On conclue en disant que tout va très bien madame la marquise. Mais qu’il y a quand même des tendances en sens contraire, la charge du manga qui donne en l’assimilant à la BD classique une vision décalée du marché. Ce qui n’est pas non plus à regretter car sa prospérité aide les éditeurs pour investir dans d’autres segments. On note aussi que sous le mot BD, c’est comme le dit l’étude, un objet culturel particulier, à forte implication et plusieurs tendances illustrent l’attachement des Français au format. Tout d’abord, les 2 meilleures ventes 2022 expriment le phénomène autour des récits biographiques et le relief singulier donné par le graphisme aux Fictions / Non-Fictions et « pédagogie » sur un thème donné. Ainsi, Le monde sans fin de M. Jancovici / J.C. Blain (Dargaud) et l’opus 6 de L’arabe du futur de R. Sattouf (Allary Éditions) ont atteint un statut de best-sellers.
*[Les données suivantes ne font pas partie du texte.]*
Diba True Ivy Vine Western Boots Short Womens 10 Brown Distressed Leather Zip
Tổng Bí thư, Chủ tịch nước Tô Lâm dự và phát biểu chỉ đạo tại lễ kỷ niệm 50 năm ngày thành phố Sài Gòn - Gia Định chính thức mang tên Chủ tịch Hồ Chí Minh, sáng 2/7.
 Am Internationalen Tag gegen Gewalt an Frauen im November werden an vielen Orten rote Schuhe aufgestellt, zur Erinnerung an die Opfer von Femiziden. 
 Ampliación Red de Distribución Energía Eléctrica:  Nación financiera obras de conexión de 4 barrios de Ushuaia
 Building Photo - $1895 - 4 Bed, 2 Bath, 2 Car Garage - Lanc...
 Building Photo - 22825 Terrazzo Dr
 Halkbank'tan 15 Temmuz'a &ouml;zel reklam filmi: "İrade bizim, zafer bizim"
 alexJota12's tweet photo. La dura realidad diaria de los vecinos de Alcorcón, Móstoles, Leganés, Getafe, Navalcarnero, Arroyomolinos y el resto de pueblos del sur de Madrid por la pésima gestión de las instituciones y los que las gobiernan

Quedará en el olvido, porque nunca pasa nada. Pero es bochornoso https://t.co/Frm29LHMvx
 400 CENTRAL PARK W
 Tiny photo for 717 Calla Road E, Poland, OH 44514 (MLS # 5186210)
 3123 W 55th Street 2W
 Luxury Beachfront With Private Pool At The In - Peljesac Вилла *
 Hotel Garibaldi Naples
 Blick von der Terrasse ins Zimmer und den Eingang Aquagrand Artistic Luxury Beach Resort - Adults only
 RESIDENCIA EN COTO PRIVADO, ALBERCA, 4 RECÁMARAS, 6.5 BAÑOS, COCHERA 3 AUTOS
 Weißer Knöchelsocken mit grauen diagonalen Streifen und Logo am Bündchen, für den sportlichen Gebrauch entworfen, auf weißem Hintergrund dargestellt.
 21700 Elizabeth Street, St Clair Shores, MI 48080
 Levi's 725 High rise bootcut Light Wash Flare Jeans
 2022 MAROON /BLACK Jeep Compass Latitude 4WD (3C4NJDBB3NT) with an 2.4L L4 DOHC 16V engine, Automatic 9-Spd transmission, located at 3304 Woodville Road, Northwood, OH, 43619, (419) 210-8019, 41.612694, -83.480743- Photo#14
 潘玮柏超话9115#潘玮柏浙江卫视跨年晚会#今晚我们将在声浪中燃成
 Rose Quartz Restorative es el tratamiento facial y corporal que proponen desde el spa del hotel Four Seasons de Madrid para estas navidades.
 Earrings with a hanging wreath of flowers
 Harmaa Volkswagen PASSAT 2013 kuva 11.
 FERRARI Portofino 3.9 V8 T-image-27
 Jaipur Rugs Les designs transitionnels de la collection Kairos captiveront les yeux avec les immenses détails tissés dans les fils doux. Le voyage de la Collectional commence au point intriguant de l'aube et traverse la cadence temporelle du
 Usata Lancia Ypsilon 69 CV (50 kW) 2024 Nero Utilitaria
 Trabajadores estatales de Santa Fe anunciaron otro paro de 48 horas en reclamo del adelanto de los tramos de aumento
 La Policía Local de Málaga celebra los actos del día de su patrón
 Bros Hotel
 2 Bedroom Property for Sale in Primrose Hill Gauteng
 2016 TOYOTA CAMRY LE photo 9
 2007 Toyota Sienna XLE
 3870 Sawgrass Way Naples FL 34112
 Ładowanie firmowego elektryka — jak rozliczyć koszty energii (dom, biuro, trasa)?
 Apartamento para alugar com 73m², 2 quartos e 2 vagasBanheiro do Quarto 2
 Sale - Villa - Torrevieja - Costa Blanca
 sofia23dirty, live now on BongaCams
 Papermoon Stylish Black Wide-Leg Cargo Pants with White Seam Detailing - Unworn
Dans le même temps, le Roman graphique prend une place de plus en plus importante dans les bibliothèques : ses ventes ont été multipliées par 7 en 10 ans et il représente 29% des BD de genre achetées en 2022. La preuve de cet attachement à l’objet est aussi visible en manga et Comics. Ainsi, le manga webtoon en version Imprimés, et audités par GfK Market Intelligence, représente déjà plus de 700 000 exemplaires et plus de 10 millions d’euros de CA en 2022. De leur côté, les versions Collector / Intégrale / Coffret de l’univers Comics représentent près de 200 000 ventes en 2022, en hausse de +50% en 5 ans, et ce malgré un prix moyen 3 fois supérieurs aux comics classiques. Un marché à suivre de près et dont il faut voir les répercussions sur des acteurs indissociables, les autrices et auteurs qui en vivent mais dans quelles conditions car il pourrait bien au final ne pas y avoir de place pour tous les genres.